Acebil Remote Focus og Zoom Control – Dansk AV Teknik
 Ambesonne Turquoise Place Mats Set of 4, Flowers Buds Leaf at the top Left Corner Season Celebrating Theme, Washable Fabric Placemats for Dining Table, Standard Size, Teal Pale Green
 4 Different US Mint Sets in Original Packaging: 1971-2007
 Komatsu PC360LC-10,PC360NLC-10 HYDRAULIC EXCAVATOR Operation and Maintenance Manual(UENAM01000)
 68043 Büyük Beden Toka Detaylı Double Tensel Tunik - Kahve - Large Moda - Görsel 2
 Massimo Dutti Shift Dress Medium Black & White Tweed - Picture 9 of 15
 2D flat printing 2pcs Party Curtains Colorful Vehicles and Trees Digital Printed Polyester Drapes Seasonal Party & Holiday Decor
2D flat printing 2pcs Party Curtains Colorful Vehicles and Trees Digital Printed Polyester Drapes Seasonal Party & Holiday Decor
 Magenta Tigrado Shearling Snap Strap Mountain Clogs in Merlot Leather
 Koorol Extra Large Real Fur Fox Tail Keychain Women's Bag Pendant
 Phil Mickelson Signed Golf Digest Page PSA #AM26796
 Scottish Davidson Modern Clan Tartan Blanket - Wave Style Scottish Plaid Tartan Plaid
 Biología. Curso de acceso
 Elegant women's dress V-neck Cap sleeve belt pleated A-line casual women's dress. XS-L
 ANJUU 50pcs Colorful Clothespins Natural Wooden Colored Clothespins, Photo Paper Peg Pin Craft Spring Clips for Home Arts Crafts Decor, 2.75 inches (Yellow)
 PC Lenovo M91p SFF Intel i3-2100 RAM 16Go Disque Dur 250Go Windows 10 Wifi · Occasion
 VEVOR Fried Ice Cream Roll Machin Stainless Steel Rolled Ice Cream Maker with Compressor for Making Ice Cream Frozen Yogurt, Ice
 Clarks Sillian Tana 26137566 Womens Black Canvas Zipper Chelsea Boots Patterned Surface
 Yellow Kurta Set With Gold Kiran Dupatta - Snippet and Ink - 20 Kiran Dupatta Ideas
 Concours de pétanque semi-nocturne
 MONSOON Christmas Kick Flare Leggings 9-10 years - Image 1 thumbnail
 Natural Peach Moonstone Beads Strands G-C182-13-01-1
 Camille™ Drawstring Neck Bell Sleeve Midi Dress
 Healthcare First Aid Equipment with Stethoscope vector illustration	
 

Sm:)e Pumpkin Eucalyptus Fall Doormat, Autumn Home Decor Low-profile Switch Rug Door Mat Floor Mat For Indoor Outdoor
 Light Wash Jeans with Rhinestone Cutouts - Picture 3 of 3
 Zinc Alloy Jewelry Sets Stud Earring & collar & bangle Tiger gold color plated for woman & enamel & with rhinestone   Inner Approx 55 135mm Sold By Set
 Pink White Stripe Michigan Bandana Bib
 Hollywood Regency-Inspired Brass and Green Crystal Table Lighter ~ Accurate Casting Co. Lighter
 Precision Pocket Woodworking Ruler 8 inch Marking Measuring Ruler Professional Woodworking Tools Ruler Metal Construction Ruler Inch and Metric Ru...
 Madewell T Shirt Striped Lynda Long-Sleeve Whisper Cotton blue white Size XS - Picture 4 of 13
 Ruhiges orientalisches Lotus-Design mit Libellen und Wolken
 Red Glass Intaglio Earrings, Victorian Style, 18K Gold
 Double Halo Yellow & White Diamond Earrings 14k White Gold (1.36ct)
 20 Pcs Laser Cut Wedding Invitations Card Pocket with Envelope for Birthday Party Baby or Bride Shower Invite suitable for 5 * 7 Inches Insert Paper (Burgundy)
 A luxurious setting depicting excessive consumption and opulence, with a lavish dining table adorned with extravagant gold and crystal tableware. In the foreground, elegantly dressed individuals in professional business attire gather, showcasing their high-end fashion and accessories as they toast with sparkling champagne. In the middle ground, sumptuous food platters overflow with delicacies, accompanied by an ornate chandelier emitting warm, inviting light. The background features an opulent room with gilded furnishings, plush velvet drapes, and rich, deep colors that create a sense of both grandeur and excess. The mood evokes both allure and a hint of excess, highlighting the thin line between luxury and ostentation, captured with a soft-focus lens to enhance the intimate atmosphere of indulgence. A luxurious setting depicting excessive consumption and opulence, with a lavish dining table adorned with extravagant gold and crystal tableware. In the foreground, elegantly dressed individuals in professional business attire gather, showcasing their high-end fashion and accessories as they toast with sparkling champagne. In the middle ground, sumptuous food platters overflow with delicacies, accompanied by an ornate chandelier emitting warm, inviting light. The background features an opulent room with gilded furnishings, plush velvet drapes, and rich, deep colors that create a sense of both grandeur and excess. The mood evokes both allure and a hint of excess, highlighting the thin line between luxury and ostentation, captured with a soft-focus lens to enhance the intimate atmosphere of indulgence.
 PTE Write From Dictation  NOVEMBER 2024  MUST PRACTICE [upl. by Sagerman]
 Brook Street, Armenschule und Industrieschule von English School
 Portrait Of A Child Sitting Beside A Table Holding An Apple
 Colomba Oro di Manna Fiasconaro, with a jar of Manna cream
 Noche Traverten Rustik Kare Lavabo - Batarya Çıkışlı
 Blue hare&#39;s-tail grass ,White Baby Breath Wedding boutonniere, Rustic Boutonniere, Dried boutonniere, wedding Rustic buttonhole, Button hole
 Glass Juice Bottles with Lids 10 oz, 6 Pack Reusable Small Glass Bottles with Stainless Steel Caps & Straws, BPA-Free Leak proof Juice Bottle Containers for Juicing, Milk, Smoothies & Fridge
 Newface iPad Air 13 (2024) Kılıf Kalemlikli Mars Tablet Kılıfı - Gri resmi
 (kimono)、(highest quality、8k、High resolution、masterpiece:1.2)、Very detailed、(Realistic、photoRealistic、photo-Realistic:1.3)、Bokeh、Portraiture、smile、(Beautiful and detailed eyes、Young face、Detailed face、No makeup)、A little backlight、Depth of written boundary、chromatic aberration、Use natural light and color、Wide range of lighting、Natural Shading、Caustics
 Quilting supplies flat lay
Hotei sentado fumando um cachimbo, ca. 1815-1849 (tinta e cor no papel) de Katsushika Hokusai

* Brief
In the entries, find the line containing "Newface iPad Air" and output it and all remaining lines exactly.

* Response to the task
 Newface iPad Air 13 (2024) Kılıf Kalemlikli Mars Tablet Kılıfı - Gri resmi
 (kimono)、(highest quality、8k、High resolution、masterpiece:1.2)、Very detailed、(Realistic、photoRealistic、photo-Realistic:1.3)、Bokeh、Portraiture、smile、(Beautiful and detailed eyes、Young face、Detailed face、No makeup)、A little backlight、Depth of written boundary、chromatic aberration、Use natural light and color、Wide range of lighting、Natural Shading、Caustics
 Quilting supplies flat lay
Hotei sentado fumando um cachimbo, ca. 1815-1849 (tinta e cor no papel) de Katsushika Hokusai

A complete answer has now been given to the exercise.